Jake Gyllenhaal plays obsessed social retard; yawns ensue

In the second half of my double feature at the local cinema, I took in Zodiac.  The latest film from acclaimed directory David Fincher, Zodiac is based around the investigation of the “Zodiac killer” in the 1960s-70s.  I hate to play the role of spoiler, but I need to preface this review by saying– the Zodiac killer was never actually caught.  He killed some people, copycats showed up, and then he just kinda stopped.  Not very exciting, eh?

Granted, I took this film in after the immensely entertaining Black Snake Moan, which I preceded with a few beers, and before that worked a full 8 hour day.   Perhaps it wasn’t the best time to watch a nearly 3 hour long procedural crime drama with no real payoff.  Anyways, for those not in the know, the Zodiac killer would commit murders, and then submit letters with ciphers to decode to newspapers.  That’s pretty much all we know about him.  To this day.

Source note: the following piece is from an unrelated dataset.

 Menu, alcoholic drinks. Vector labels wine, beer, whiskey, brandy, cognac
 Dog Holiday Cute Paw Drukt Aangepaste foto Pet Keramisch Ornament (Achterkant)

Although the film is really more of a character study than anything, the first half of the film, which amounts to a murder mystery, is actually pretty engaging.  That might also have something to do with the fact that Robert Downey Jr.’s character is prominently featured during this portion of the film.  He lights up the screen everytime he’s on it, portraying a cocky, self-destructive (I know, what a stretch, huh?) reporter.  Gyllenhaal also holds his own during this portion of the film, where his character is relegated to being a lovable social retard cartoonist with an unhealthy interest in the Zodiac.  He really seems to lose any charm he initially had as the film goes on and the whole story becomes fixated on his growing obsession with finding the Zodiac killer.

The film does indeed feel very bloated, and I caught myself occasionally spacing out.  Once the formal investigation into the killings ends, that’s where the film seems to lose its way.  The focus on Gyllenhaal’s fixation never really grabbed me. The final third of the film is really lacking in suspense as the story dissolves into a repetitive melange of Gyllenhaal’s character acquiring names, visiting places, and then acquiring more names.  It becomes tiring when one knows that no payoff is coming. 

Despite all of its faults, it must be said that Zodiac is a very nice-looking film.  Fincher’s directing style paints the 1960s California setting witha dark and gritty look that will be instantly familiar to fans of his previous films.  Although I found the film to be overly long and rudderless in the last half, I can easily see fans of Fincher’s work and procedural crime dramas really enjoying Zodiac.  Just don’t expect a denouement in return for 2 hours and 40 minutes of your life.


~ by theoberlander on March 7, 2007.